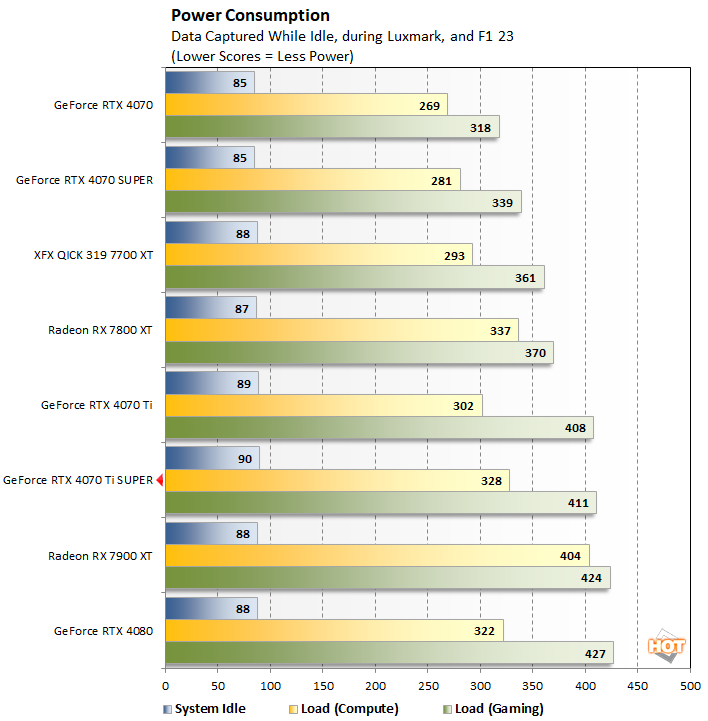 power geforce rtx 4070ti super perf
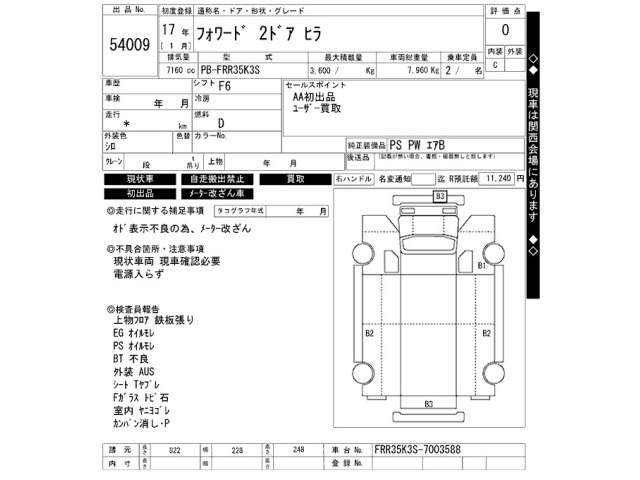 Isuzu FORWARD 2005 7161686-2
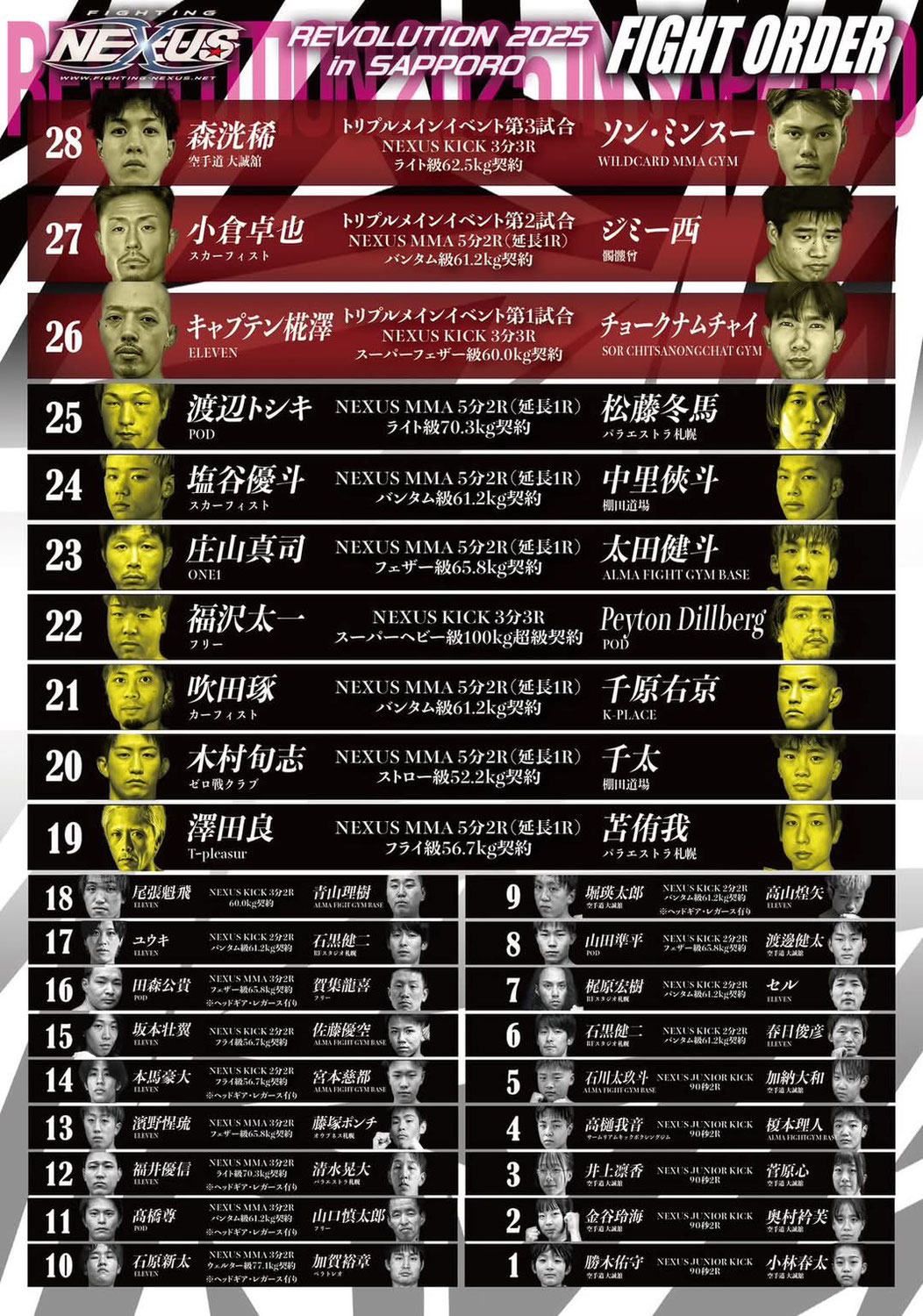 試合順決定！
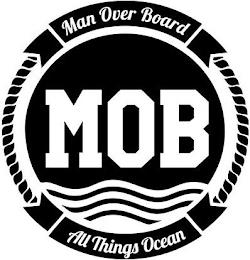 MAN OVER BOARD MOB ALL THINGS OCEAN trademark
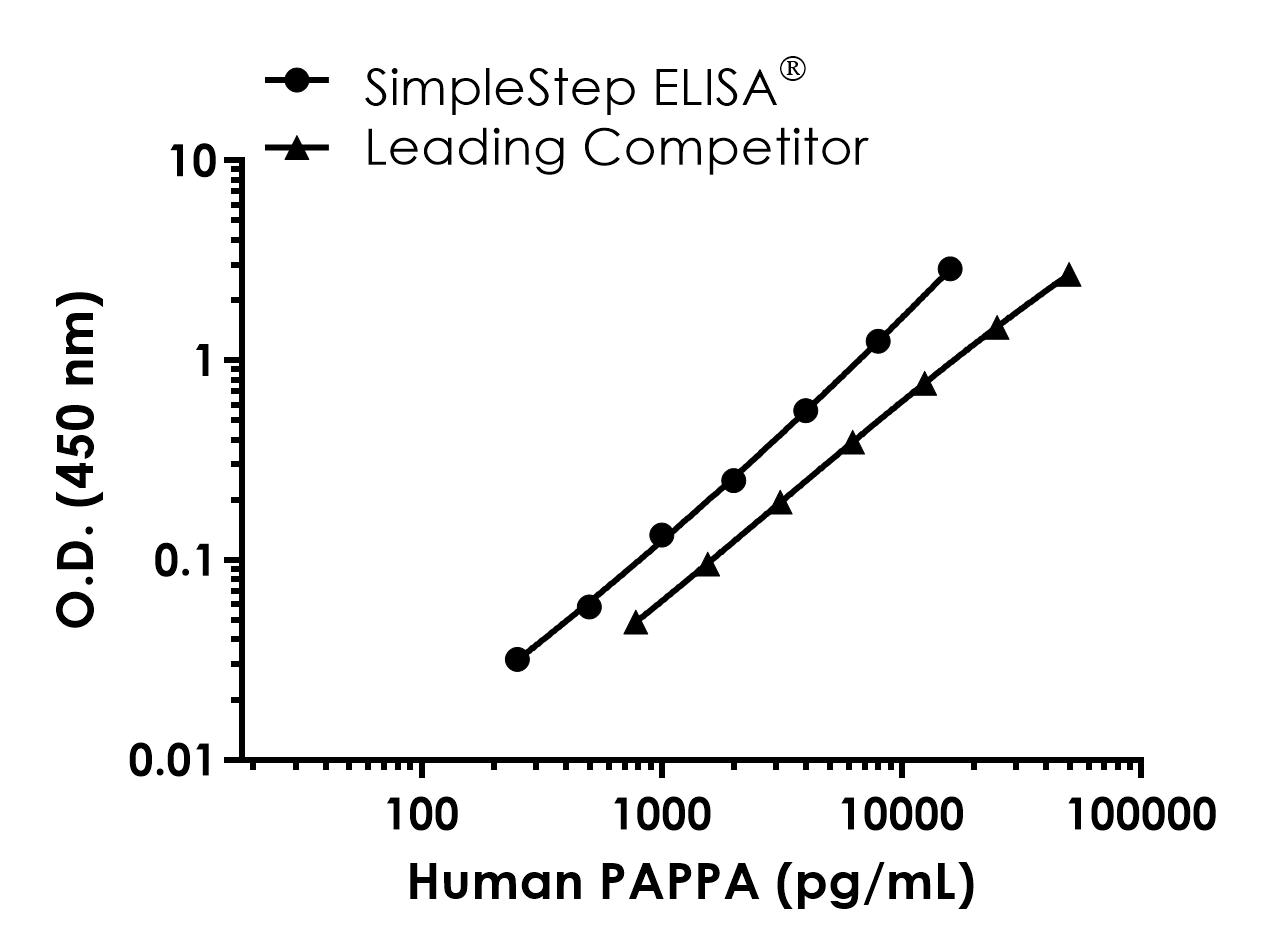 Sandwich ELISA - Human PAPPA ELISA Kit - Intracellular (AB315057), expandable thumbnail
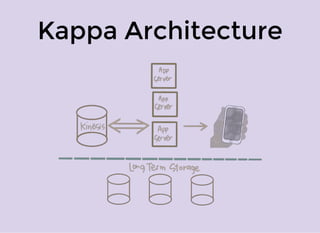 Kappa Architecture
 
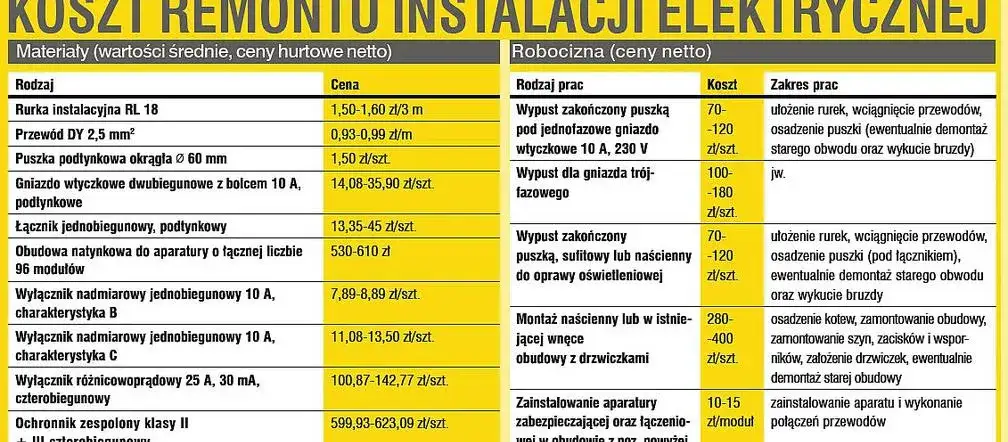 przykładowe cenniki instalacji elektrycznej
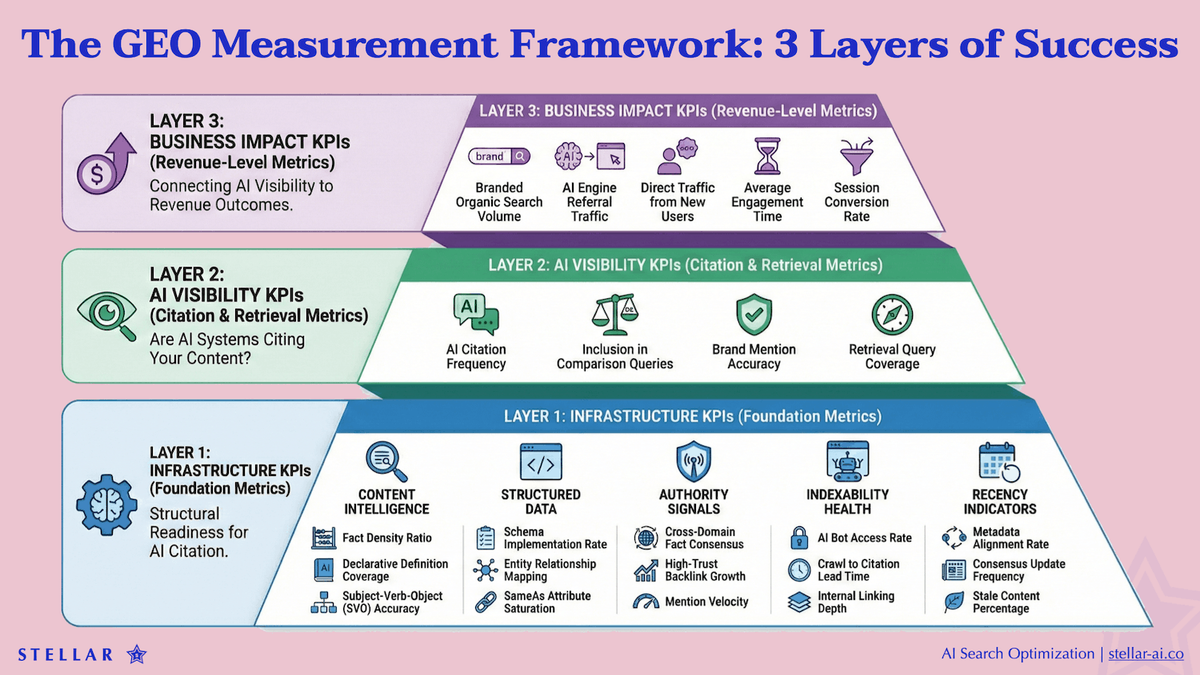 GEO Measurement Framework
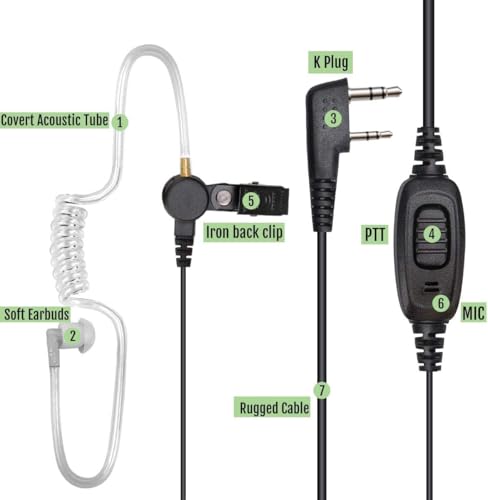Retevis H777H Walkie Talkies with Earpeice,Portable FRS-Two Way Radio 6Pack | For Schools, Shatterproof Hidden Display, 6-Way Charger, USB-C, Emergency Alarm, Flashlight, with Stretchable Coiled Headset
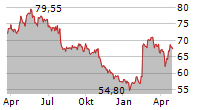 HEINEKEN HOLDING NV Chart 1 Jahr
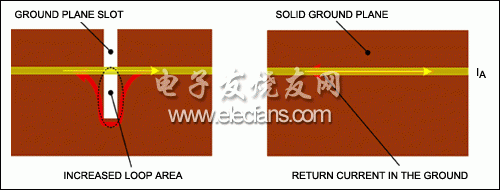 完整的大面積接地有助于改善系統(tǒng)性能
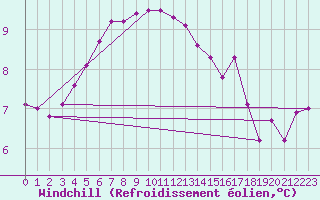 Courbe du refroidissement olien pour Ploudalmezeau (29)
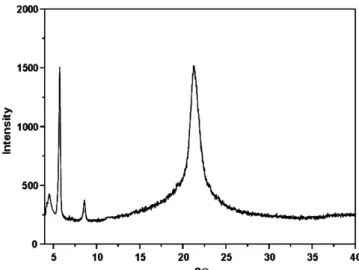 Figure 5. SAXD patterns of DSPC (20.0%) lamellar crystalline phases  swollen by an excess of GLY depending on CER3 contents : a) 1.0% 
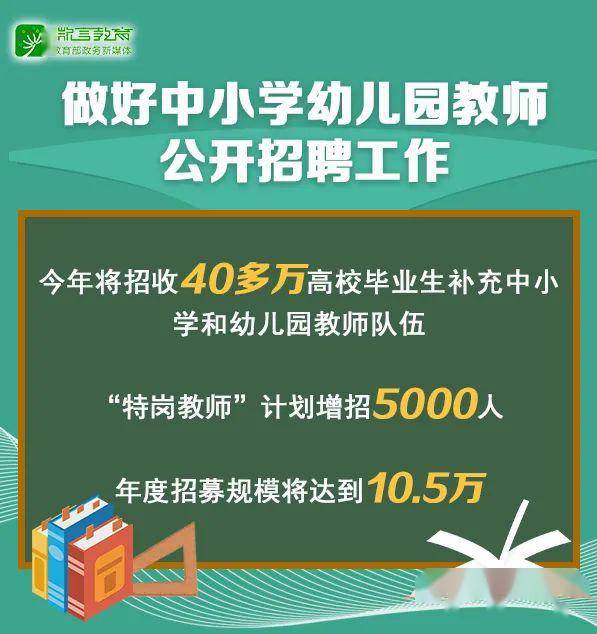 两部委部署中小学幼儿园教师招聘，助力教育事业蓬勃发展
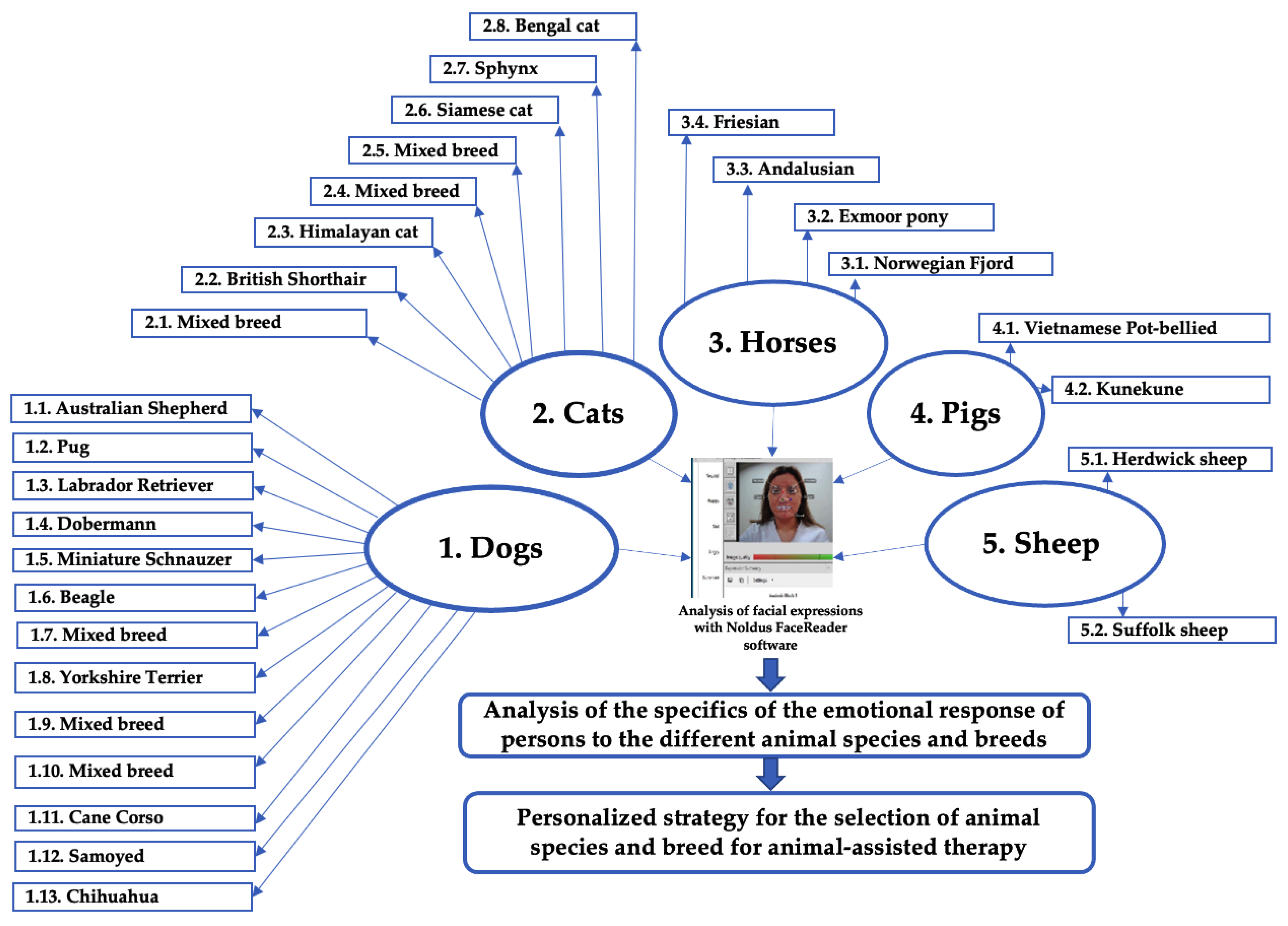 Animals 12 00597 g001 Animals 12 00597 g001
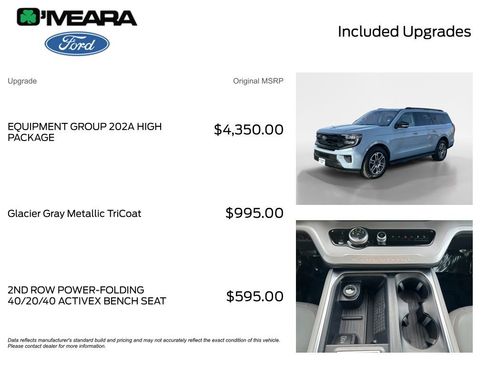 Used 2025 Ford Expedition Max Active image 4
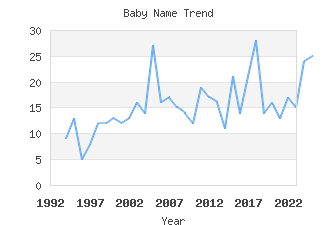 Baby Name Popularity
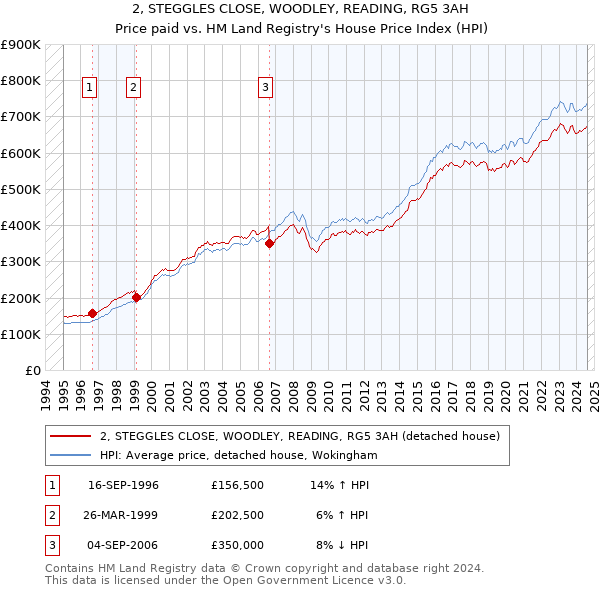 2, STEGGLES CLOSE, WOODLEY, READING, RG5 3AH: Price paid vs HM Land Registry's House Price Index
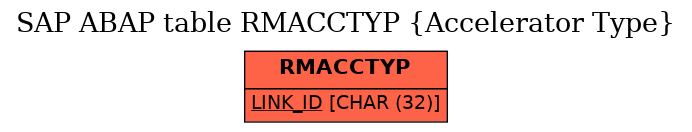 E-R Diagram for table RMACCTYP (Accelerator Type)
☆ ☆ ☆ ☆ ☆ ☆ ☆
Exercise:
Copy, exactly and exclusively, the lines beginning with the one that contains "HEINEKEN HOLDING NV Chart 1 Jahr" and ending with the last line of the listing; pictures are to be omitted.

Solved problem:
 HEINEKEN HOLDING NV Chart 1 Jahr
 完整的大面積接地有助于改善系統(tǒng)性能
 Courbe du refroidissement olien pour Ploudalmezeau (29)
 Figure 5. SAXD patterns of DSPC (20.0%) lamellar crystalline phases  swollen by an excess of GLY depending on CER3 contents : a) 1.0% 
 两部委部署中小学幼儿园教师招聘，助力教育事业蓬勃发展
 Animals 12 00597 g001 Animals 12 00597 g001
 Used 2025 Ford Expedition Max Active image 4
 Baby Name Popularity
 2, STEGGLES CLOSE, WOODLEY, READING, RG5 3AH: Price paid vs HM Land Registry's House Price Index
 E-R Diagram for table RMACCTYP (Accelerator Type)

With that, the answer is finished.